Thursday 31 October 2013

_O_ _L_ _ _ L K

The smell of fall. Can you describe it? Words that come to my mind are crisp, fresh, cold, and a little dry. Kind of sounds like I am describing an apple from the freezer where the core is frozen but the flesh hasn’t turned to ice yet, doesn’t it? You try to describe the smell of fall to someone who has never smelled it, it’s a challenge.

The only time I got sad before I left, was on a kitchen floor after indulging in a little late harvest. I wasn’t scared, I didn’t have anxiety; I was going to miss the smell of fall.

I read somewhere that scent has the closest links to memory.

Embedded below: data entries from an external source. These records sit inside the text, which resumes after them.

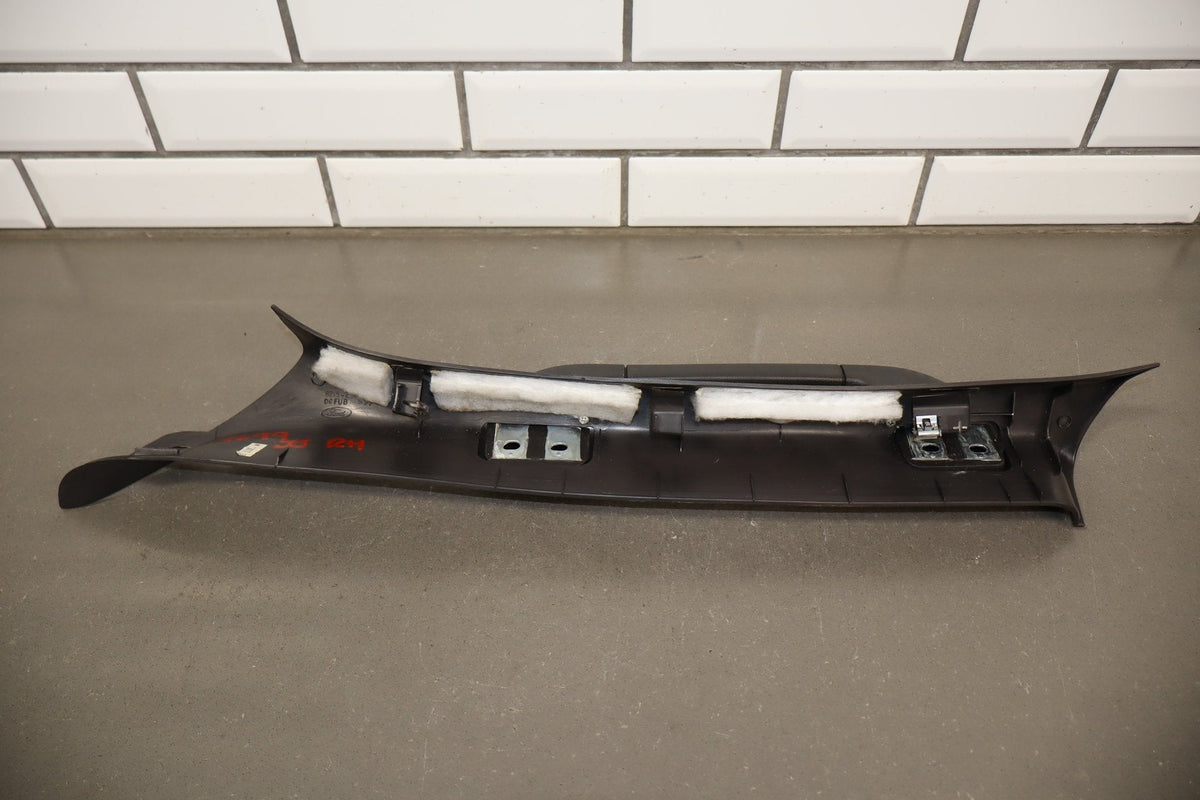 2008-2010 Ford F-250 Super Duty Pair A Pillar Trim Black LS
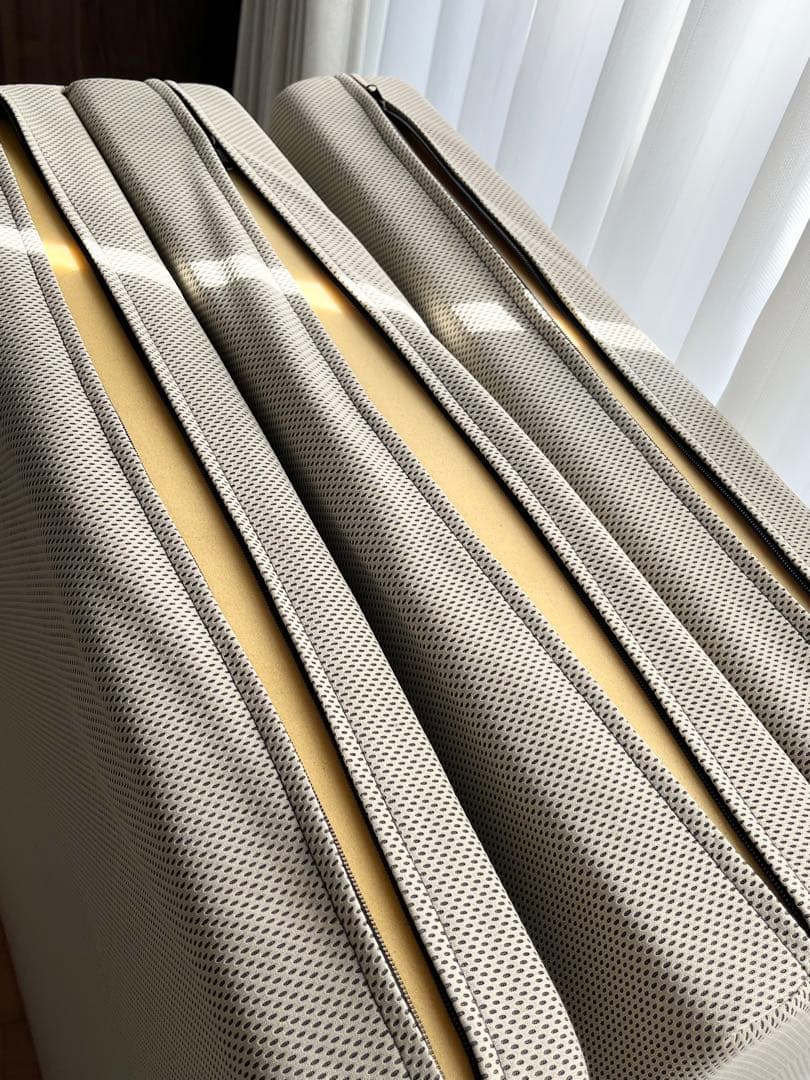 イタリア高品質　マニフレックス　三つ折り　高反発マット レスシングル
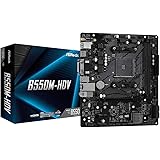 ASRock B550M-HDV Motherboard with AMD AM4 RyzenTM/Future AMD RyzenTM 3rd Generation Processors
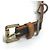 Louis Vuitton Monogram Collar for Small Dogs Brown - view 5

Who knows if that’s true or not, but I probably read it on the internet, and everything on the internet is absolutely 100% correct. (I Wikipedia’d that fact too.)

It has been 5 months now. Today, Halloween, is day 153 that I have been a resident of Bamenda, Cameroon. With the smell of fall tickling my memory (via trick or treating, you understand), it made me wonder ‘what else do I miss, and not even know it?’ Well, obviously I can’t answer that question, because I don’t know what I can’t remember to miss, but there are a lot of things that are important to me back in Canada that I just can’t remember. Confusing? Well, I can’t remember fast internet. I was astonished at the speed of the internet in Kribi and Ann had a pretty good chuckle at that considering how slow she found it. I can’t remember the taste of my mom’s partridge berry sauce. I can’t remember the sound of Hogan’s Pond slapping the wharf. I can’t remember the weight of my X-Ring, or my watch, two things I would never dare leave the house without. I can’t even remember the smell of my favourite perfume (and remember, scents are a big deal). The list goes on, but you get the idea.

It has only been 5 months and these thing were a staple in my everyday life and have been, realistically, for years. What am I going to miss about Cameroon? What am I going to not remember to miss about Cameroon? I can describe in an email, or in my (lately neglected) journal, the funny exchange I had or a moment which caused confusion. But, I can’t describe to you the glory that is a Kanjo omelet, and why precisely they have destroyed all Canadian omelets for me, for forever. I can’t journal the smell of the office, or email how my bed here feels. Not everything can be recorded, no matter how many pages of size 11 font I email or videos I record. These things will all only be in my life for 6 months total, how long will it take for me to forget it all? How long will it be until I find myself re-reading emails that I have written and not remembering any of the stories until prompted?

When I get home in December, and find myself at a kitchen table instead of the floor (because I will be 7.5 months older, therefore wiser and classier) what will I miss that will be indescribable to those who surround me?

Well, there is no way to really tell I guess. Luckily, I have kept track of as much as my attention span would allow me to dedicate to documenting something. So, I suppose I will grin and bear it, and hope that I am able to grasp everything that is indescribable as long as I possibly can.

So, Happy Halloween ghosts and gals; enjoy the smell of fall for me. May your heels, and your dignity survive the night. If not, may you drown your sorrows tomorrow in the on sale treats, while staring at a photo of Neil Patrick Harris and his family’s obviously heartwarming costumes.

All my love,
Maura


PS: For those who have not gotten an email from me in a while, I had a slight disagreement with my Hotmail, and then technology in general. Now that those have been sorted, we still do not have internet at work. I promise I still love you, and I am working my way through the list so you will hear from me soon!